Howland Park commissioners to seek input on future of parks
HOWLAND — Howland Park commissioners have been meeting with local community groups and sports organizations as they plan the future of the township’s three parks.
Park commissioners have scheduled two public meetings to discuss the future of the Howland Township Park in the north central part of the township, Morgandale Park in the northwest and Bolindale Park in the southwest.
The meetings are set for 10 a.m. Friday and 6 p.m. Feb. 27 both at the township Administration Building.
Andrew Bednar, an architect with Baker, Bednar and Snyder, said the meetings will be informational gatherings inviting residents to express what they would like to see at the park.
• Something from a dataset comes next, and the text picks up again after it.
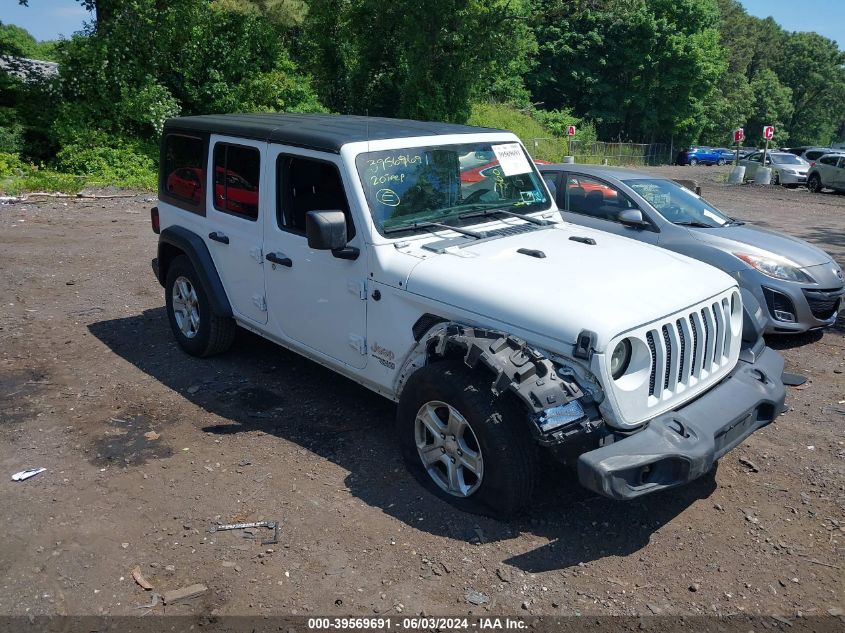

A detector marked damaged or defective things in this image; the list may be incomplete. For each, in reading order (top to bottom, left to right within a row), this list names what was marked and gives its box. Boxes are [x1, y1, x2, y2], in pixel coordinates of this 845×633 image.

cracked headlight [736, 251, 816, 282]
damaged front bumper [580, 346, 784, 498]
Jessica Gault, chairwoman of the park commissioners, said the commissioners have met with Howand Township trustees, the Howland Athletic Club and others about potential improvements and enhancements to the parks.
Bolindale Park has seen an increase in users with addition of pickleball courts and a farmer’s market, while Howland Township Park has seen summer lawn concerts, summer youth recreational programs, Tiger Town improvements and sporting events.
Last year, the commissioners hired Baker, Bednar and Snyder Associates Inc.,at $14,000 to create a five-year comprehensive plan for park improvements and additions.
Park Commissioners said work needs done on the aging Tiger Town playground and have also discussed additions such as an outdoor exercise area and community garden.
Park Commissioner Allen Seman has said the plan will help set objectives and goals over the next five years.
Commissioners have been informed the Howland Health and Wellness Committee will work with them to create an outdoor fitness exercise area with the wellness committee to seek grants for the project.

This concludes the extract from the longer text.